UAM CorpusTool is a set of tools for the linguistic annotation of text. Core concepts include:
• The user defines a ‘project’, which is a set of files, and a set of analyses which are applied to each of these files.
• Each ‘analysis’ can be seen as a ‘layer’ of annotation. CorpusTool currently allows two types of annotation:
1. Document Coding: where the text as a whole is assigned features. For instance, these features could represent the register of the document (field,tenor, mode), or text-type.
2. Segment Coding: The user can select segments within a file, and assign features to each of these segments. Segments are specified by dragging the mouse over a span of text, and the user is then prompted to specify the features of this segment.

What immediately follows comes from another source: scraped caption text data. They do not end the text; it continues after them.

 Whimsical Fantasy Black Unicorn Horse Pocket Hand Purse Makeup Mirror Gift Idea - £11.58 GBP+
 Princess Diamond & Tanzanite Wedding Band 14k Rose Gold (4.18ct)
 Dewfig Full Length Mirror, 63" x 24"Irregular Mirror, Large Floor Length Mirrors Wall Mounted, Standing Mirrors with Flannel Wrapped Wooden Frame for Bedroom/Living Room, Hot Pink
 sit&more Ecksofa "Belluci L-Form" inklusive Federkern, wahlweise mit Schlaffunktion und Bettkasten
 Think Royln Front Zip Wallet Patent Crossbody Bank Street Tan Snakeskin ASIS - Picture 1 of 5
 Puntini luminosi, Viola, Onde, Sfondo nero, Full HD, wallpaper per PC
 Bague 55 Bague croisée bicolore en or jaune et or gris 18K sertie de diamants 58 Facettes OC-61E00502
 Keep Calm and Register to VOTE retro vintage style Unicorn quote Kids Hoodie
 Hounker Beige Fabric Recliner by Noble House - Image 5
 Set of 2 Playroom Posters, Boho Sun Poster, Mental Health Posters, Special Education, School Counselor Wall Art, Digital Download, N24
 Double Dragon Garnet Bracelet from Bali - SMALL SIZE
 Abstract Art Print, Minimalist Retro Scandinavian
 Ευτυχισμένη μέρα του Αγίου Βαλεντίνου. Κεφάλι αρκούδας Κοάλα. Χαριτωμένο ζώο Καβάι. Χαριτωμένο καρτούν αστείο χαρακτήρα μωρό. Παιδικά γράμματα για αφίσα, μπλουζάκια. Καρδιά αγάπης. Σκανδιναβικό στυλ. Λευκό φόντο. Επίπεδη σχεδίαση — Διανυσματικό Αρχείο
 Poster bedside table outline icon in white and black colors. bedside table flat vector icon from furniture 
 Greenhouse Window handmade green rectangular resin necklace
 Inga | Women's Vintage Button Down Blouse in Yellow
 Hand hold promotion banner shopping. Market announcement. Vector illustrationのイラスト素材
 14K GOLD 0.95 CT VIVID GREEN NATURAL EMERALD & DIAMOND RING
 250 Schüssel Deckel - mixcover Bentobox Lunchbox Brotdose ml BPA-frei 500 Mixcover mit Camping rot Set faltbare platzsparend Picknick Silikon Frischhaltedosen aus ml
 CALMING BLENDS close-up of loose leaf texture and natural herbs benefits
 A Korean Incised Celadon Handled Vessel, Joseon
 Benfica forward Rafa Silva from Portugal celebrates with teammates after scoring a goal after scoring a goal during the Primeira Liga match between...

Other annotation types will be added in later versions, allowing annotation of rhetorical
structure theory (RST), Generic Structure (GSP), participant chaining, sentence structuring (e.g., Subj, Pred, Mood, Adjunct, etc.), annotation of spoken data etc.
UAM CorpusTool replaces prior software of the author, Systemic Coder, which allowed coding of single documents at a single layer. CorpusTool is an attempt to overcome the various limitations that constrained users of Coder. I wish to thank the many users of
Coder who forwarded their comments over the years, and to thank those sending me comments on this new tool.